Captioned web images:
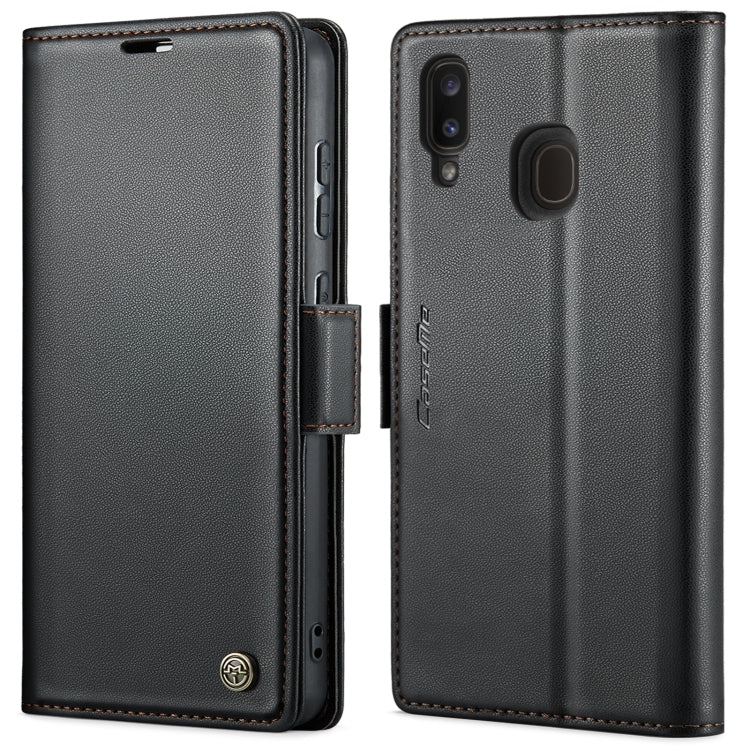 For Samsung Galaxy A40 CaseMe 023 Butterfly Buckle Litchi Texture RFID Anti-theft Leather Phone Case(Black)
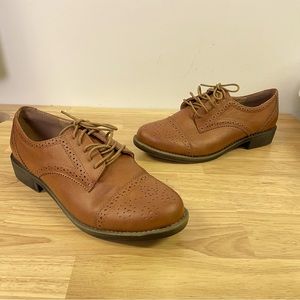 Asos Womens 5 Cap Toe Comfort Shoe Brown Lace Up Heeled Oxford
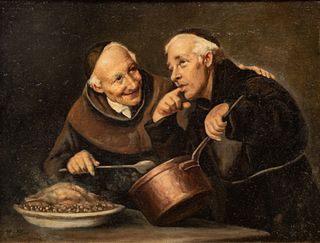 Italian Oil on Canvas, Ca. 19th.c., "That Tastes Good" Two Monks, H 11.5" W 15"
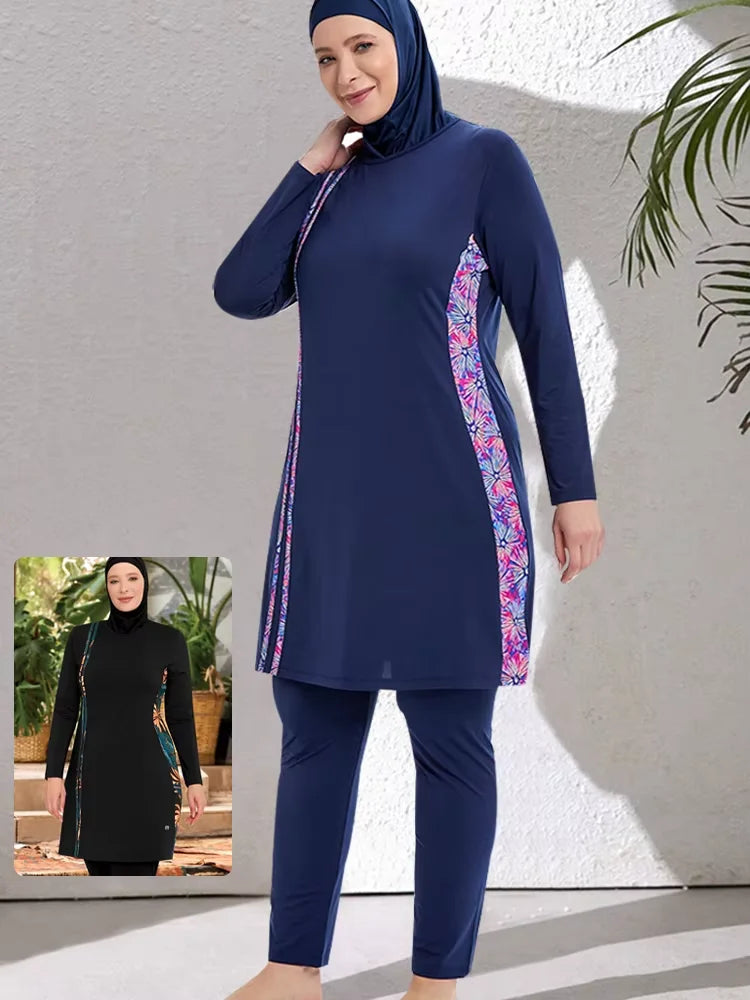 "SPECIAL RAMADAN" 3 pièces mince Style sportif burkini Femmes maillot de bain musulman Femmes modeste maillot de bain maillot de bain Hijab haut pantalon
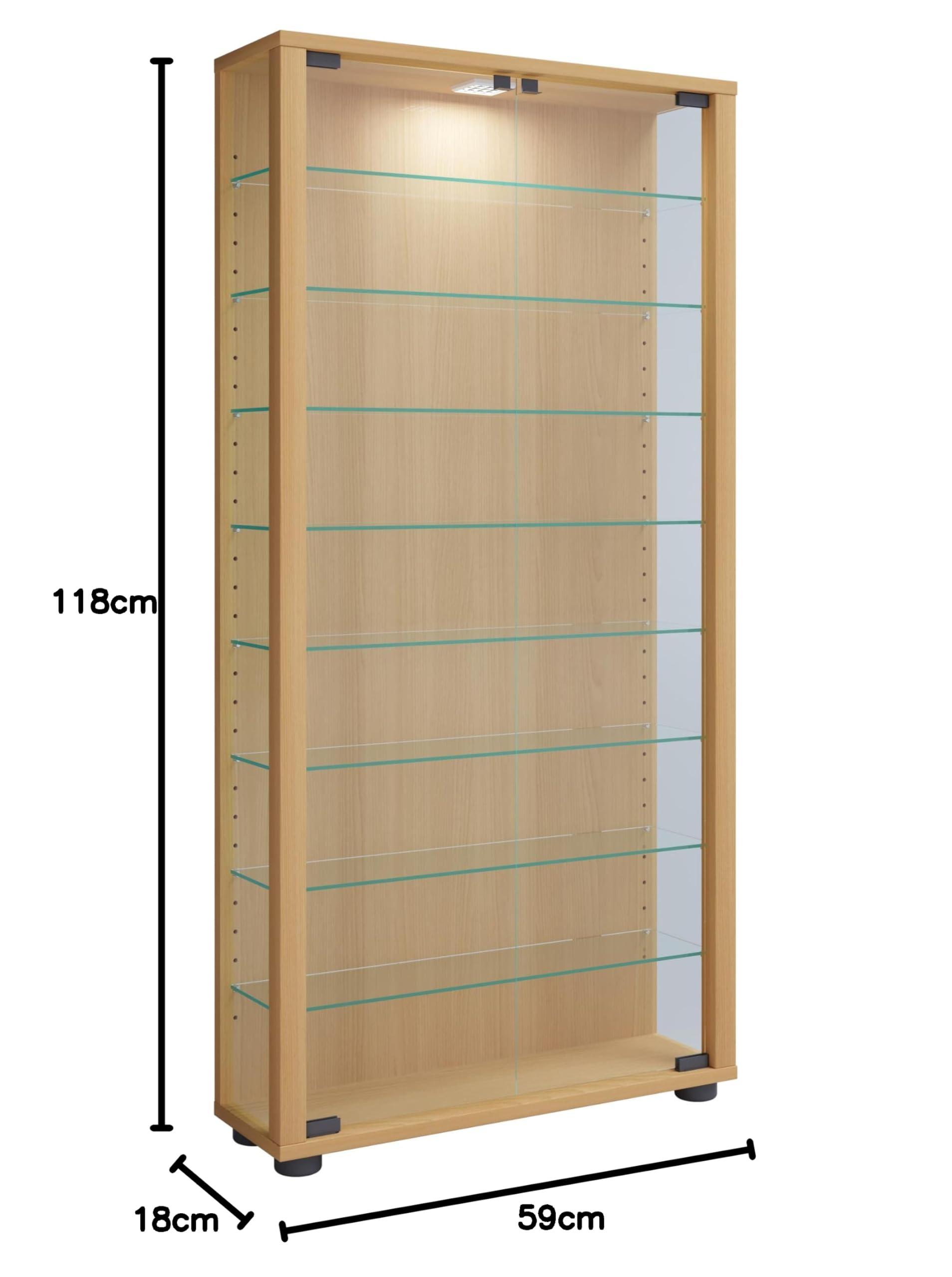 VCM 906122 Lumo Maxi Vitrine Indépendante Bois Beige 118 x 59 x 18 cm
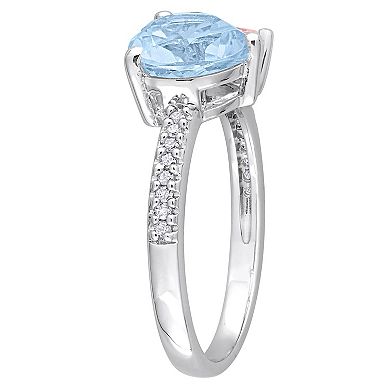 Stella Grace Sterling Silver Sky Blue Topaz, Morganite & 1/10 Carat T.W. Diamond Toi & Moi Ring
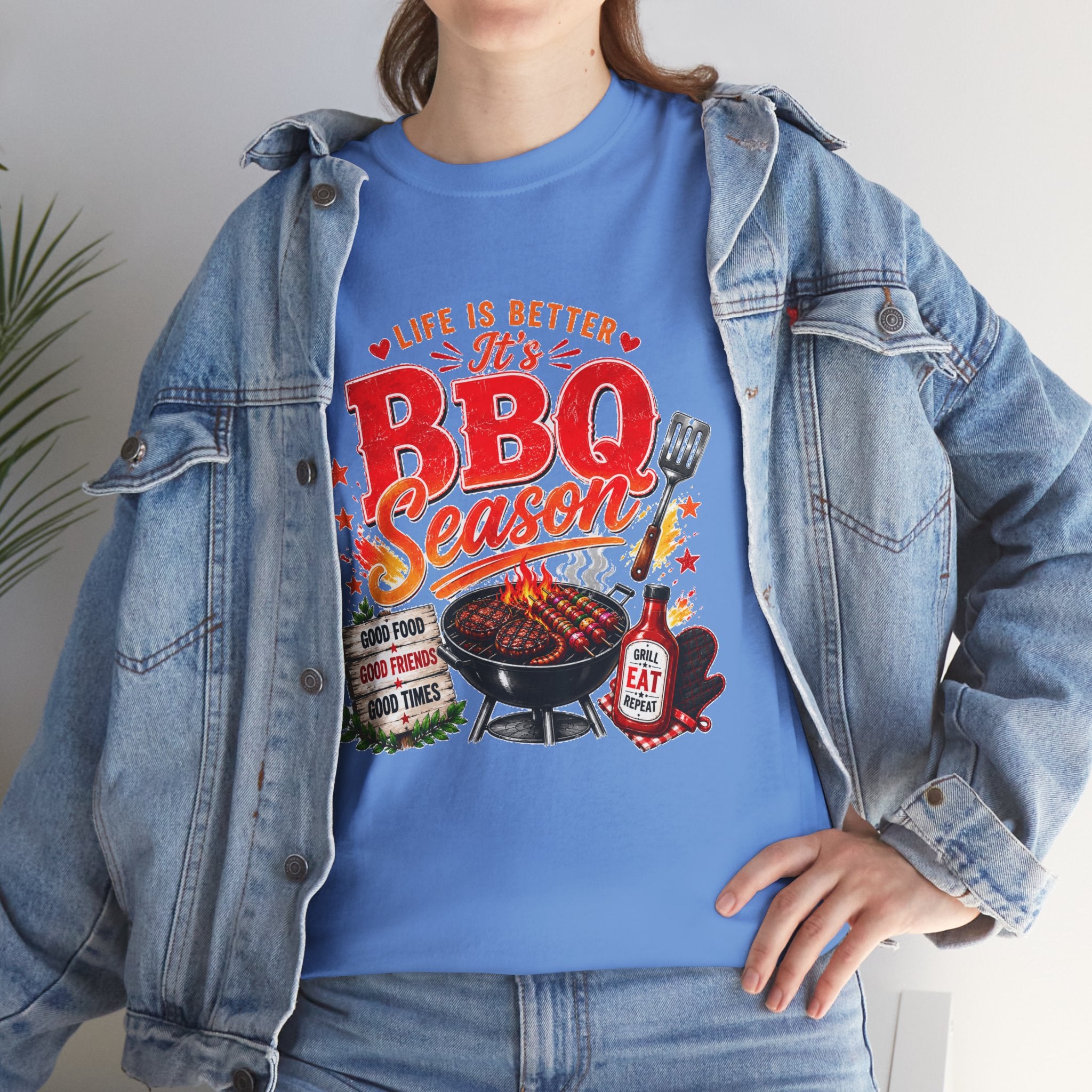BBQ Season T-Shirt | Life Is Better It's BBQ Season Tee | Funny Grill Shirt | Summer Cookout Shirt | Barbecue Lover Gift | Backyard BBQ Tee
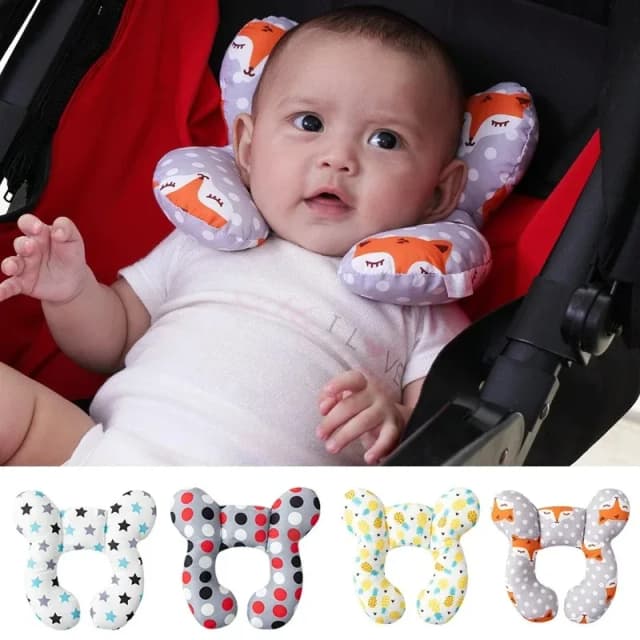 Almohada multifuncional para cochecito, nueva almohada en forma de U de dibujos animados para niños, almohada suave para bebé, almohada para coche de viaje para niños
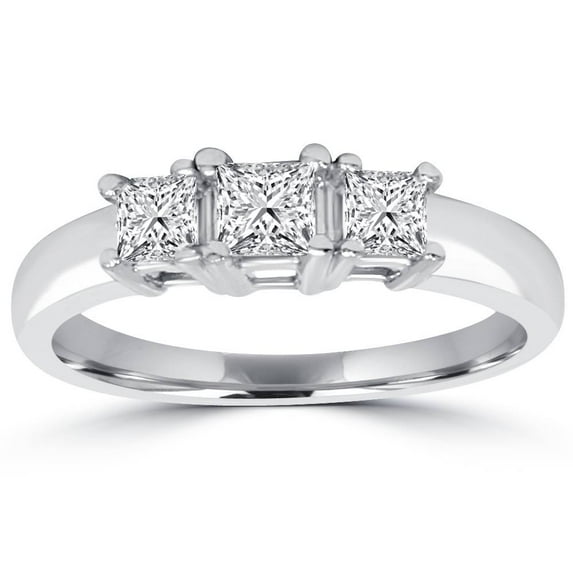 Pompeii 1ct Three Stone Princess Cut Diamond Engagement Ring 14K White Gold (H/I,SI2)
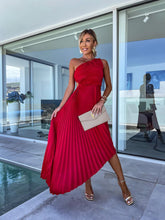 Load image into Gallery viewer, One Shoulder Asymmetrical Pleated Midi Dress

- [What is expected] What's needed is every record restated exactly, pictures excluded.

- [Problem solution]
 For Samsung Galaxy A40 CaseMe 023 Butterfly Buckle Litchi Texture RFID Anti-theft Leather Phone Case(Black)
 Asos Womens 5 Cap Toe Comfort Shoe Brown Lace Up Heeled Oxford
 Italian Oil on Canvas, Ca. 19th.c., "That Tastes Good" Two Monks, H 11.5" W 15"
 "SPECIAL RAMADAN" 3 pièces mince Style sportif burkini Femmes maillot de bain musulman Femmes modeste maillot de bain maillot de bain Hijab haut pantalon
 VCM 906122 Lumo Maxi Vitrine Indépendante Bois Beige 118 x 59 x 18 cm
 Stella Grace Sterling Silver Sky Blue Topaz, Morganite & 1/10 Carat T.W. Diamond Toi & Moi Ring
BBQ Season T-Shirt | Life Is Better It's BBQ Season Tee | Funny Grill Shirt | Summer Cookout Shirt | Barbecue Lover Gift | Backyard BBQ Tee
 Almohada multifuncional para cochecito, nueva almohada en forma de U de dibujos animados para niños, almohada suave para bebé, almohada para coche de viaje para niños
 Pompeii 1ct Three Stone Princess Cut Diamond Engagement Ring 14K White Gold (H/I,SI2)
 Load image into Gallery viewer, One Shoulder Asymmetrical Pleated Midi Dress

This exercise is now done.